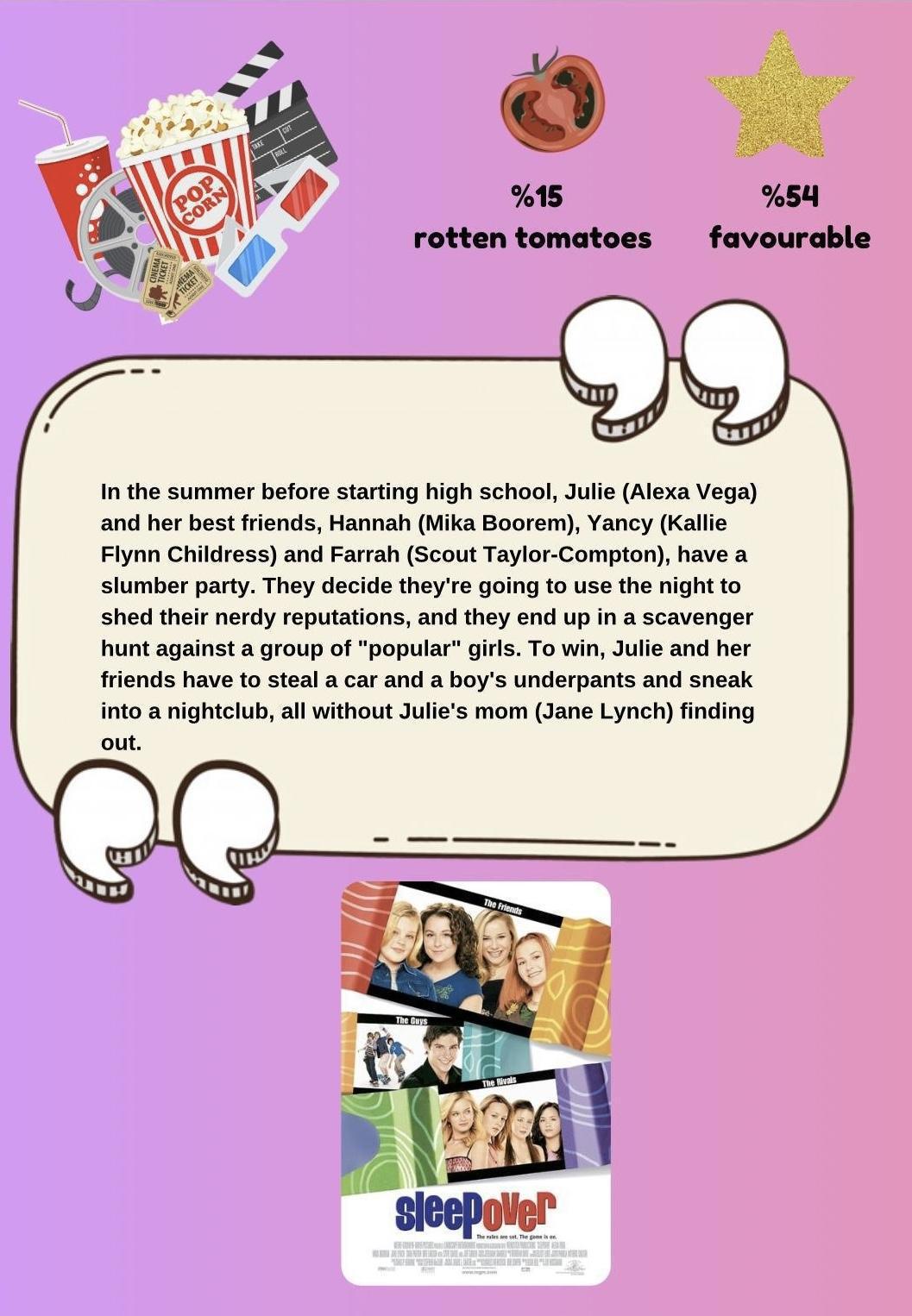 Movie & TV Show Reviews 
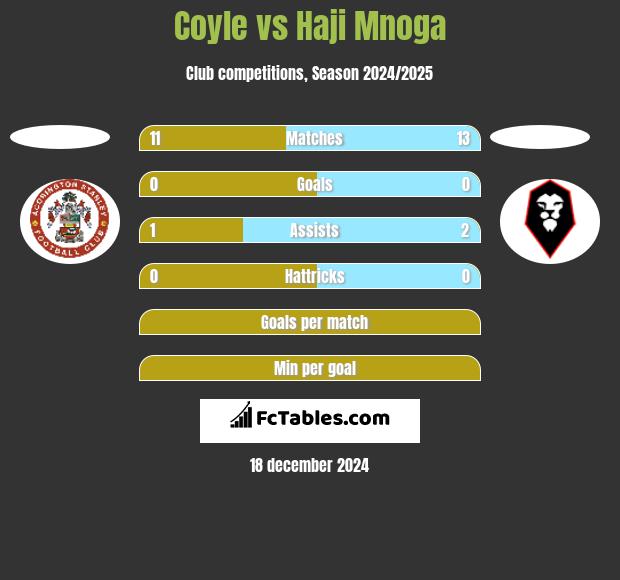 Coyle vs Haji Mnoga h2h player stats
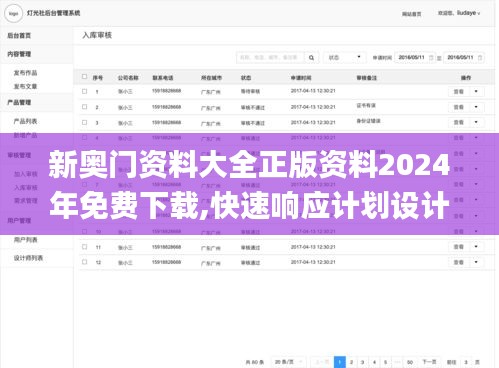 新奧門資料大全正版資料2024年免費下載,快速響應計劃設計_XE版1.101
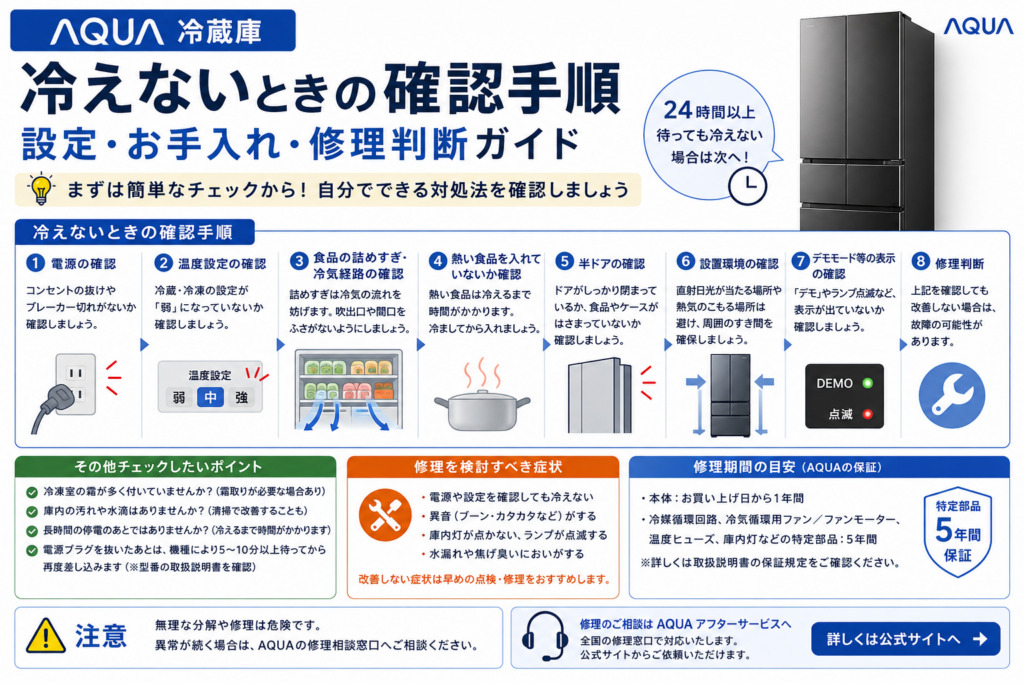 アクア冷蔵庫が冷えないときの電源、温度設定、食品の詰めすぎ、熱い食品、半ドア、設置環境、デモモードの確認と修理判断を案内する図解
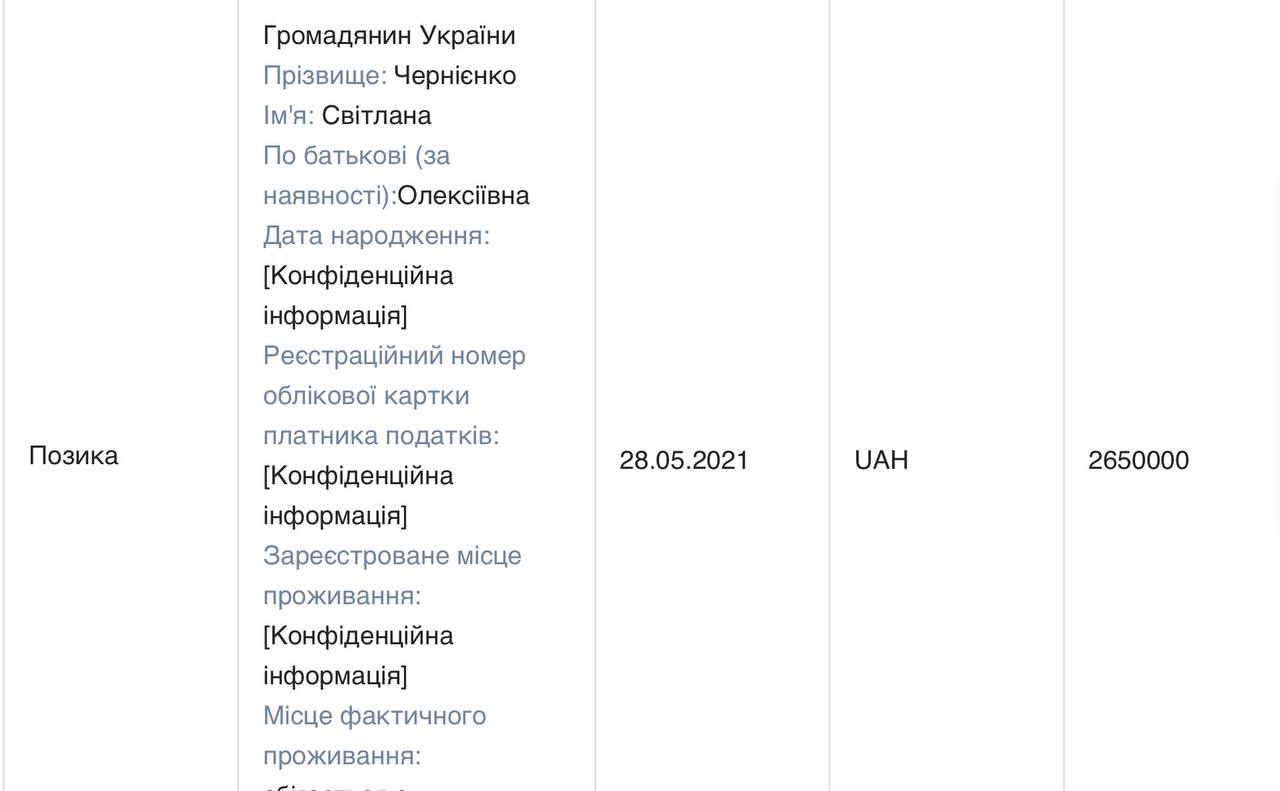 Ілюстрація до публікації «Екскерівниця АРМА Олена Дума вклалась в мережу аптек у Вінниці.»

============================================================

Every line from the one with "Coyle vs Haji Mnoga h2h player stats" through the last line of the data must be copied exactly. Leave the pictures out.

 Coyle vs Haji Mnoga h2h player stats
 新奧門資料大全正版資料2024年免費下載,快速響應計劃設計_XE版1.101
 アクア冷蔵庫が冷えないときの電源、温度設定、食品の詰めすぎ、熱い食品、半ドア、設置環境、デモモードの確認と修理判断を案内する図解
 Ілюстрація до публікації «Екскерівниця АРМА Олена Дума вклалась в мережу аптек у Вінниці.»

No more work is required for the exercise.